No one was sentenced for "Parading".

How many more you want? Maybe you want to retract that comment about my teaching. Yes?

WASHINGTON, Oct 13 (Reuters) - A federal judge in Washington has repeatedly sentenced people who stormed the U.S. Capitol to more prison time than prosecutors sought, saying that even people who were not violent should face consequences for joining the unprecedented assault.

In the past week, U.S. District Judge Tanya Chutkan has imposed sentences ranging from 14 to 45 days on four people who pleaded guilty to unlawful parading and picketing inside the Capitol building on Jan. 6 — a misdemeanor offense.
 
"Illegally parading". If you give your students a quiz and on the quiz it says 12+16 =? Do you give them credit if they give the partial answer 8?

Parading is not illegal and no one was charged with that.

You're embarrassing yourself.

The graceful thing to do is say, "I was wrong".

You were wrong.
 
Here is a man who was sentenced to jail.

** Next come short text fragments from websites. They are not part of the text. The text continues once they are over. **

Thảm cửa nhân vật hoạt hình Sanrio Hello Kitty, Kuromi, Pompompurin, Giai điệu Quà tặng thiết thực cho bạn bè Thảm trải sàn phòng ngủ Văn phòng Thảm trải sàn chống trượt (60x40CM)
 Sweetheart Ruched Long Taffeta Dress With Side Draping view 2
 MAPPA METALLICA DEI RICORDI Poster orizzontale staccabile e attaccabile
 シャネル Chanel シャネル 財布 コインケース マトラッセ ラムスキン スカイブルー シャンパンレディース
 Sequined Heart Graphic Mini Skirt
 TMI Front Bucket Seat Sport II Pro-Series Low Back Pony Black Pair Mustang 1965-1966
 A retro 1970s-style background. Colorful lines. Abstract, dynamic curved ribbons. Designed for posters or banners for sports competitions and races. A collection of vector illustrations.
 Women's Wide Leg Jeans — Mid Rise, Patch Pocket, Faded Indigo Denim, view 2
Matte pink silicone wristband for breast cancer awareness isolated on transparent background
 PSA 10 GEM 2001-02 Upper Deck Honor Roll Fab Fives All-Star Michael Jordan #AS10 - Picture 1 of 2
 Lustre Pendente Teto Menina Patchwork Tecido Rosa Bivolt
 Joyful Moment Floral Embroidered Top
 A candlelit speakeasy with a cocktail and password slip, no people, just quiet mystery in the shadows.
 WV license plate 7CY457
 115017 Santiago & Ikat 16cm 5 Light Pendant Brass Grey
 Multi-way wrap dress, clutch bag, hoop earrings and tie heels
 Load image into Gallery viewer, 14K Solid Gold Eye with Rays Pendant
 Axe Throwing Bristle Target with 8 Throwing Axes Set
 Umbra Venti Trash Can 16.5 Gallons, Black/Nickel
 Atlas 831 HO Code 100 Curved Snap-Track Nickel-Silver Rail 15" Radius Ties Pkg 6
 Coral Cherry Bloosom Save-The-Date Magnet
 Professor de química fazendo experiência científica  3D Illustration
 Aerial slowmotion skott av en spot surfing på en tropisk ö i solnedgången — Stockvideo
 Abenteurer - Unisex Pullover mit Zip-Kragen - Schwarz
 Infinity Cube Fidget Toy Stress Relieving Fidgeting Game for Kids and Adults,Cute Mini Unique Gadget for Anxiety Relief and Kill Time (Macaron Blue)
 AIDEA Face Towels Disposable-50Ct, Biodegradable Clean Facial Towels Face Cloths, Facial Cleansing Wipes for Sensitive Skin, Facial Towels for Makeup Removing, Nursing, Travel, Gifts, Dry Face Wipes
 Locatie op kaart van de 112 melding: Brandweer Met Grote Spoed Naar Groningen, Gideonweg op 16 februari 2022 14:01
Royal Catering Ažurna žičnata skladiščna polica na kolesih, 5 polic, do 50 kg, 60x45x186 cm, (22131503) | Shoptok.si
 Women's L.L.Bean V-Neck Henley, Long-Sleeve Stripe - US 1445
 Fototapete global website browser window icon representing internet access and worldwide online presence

For just parading. Yes. Thank God I'm teaching and not you, right? I am factual. God only knows where you get your information.

WASHINGTON — A judge on Monday ordered Capitol rioter Matthew Mazzocco to spend 45 days in prison, rejecting not only the defense’s argument for probation but also the prosecution’s recommendation that he be sentenced to home confinement instead of time behind bars.

The sentencing before US District Judge Tanya Chutkan marked the first time that any judge presiding over the hundreds of Jan. 6 prosecutions in Washington, DC, handed down a sentence that was harsher than what the government asked for. Chutkan noted that Mazzocco had already been allowed to go home and be with his family in the months since his arrest in mid-January and said his punishment had to be more severe.

“There have to be consequences for participating in an attempted violent overthrow of the government, beyond sitting at home,” Chutkan said.

Mazzocco is the 12th person sentenced in connection with the Jan. 6 insurrection. He pleaded guilty to one count of parading, demonstrating, or picketing in the Capitol, a misdemeanor crime that carries a maximum sentence of six months in prison. The government had asked for a sentence of three months home confinement followed by a period of probation. Assistant US Attorney Kimberly Nielsen had argued that probation alone wasn’t enough, but also that Mazzocco should get credit for pleading guilty early — he was one of the first 10 people to come forward to accept responsibility and take a plea deal, she said.

Thousand of people "parade" through the Capital every single day. His sentence was not for "parading".
 
How many more you want? Maybe you want to retract that comment about my teaching. Yes?

WASHINGTON, Oct 13 (Reuters) - A federal judge in Washington has repeatedly sentenced people who stormed the U.S. Capitol to more prison time than prosecutors sought, saying that even people who were not violent should face consequences for joining the unprecedented assault.

In the past week, U.S. District Judge Tanya Chutkan has imposed sentences ranging from 14 to 45 days on four people who pleaded guilty to unlawful parading and picketing inside the Capitol building on Jan. 6 — a misdemeanor offense.

"unlawful parading and picketing ".

12+16 = 8.
 
Tell me? You provided an incomplete answer in attempt to portray something that didn't happen.

Yes dear. They're going to call ANYTHING they sentence you with ILLEGAL. Yes, hello, all of it is ILLEGAL or they cannot sentence you with it. HELLO!?!?!

No one says, "He was sentenced for ILLEGAL prostitution" or "ILLEGAL drug running". Dearheart, the illegal is implied, see.

These people were thrown IN JAIL--over the recommendations of the prosecutor even--for "parading".

You were wrong. And you can apologize too for that swipe at my profession.
 
Yes dear. They're going to call ANYTHING they sentence you with ILLEGAL. Yes, hello, all of it is ILLEGAL or they cannot sentence you with it. HELLO!?!?!

No one says, "He was sentenced for ILLEGAL prostitution" or "ILLEGAL drug running". Dearheart, the illegal is implied, see.

These people were thrown IN JAIL--over the recommendations of the prosecutor even--for "parading".

You were wrong. And you can apologize too for that swipe at my profession.

Thousands of people "parade" through the Capital every day. That is not what they were arrested for.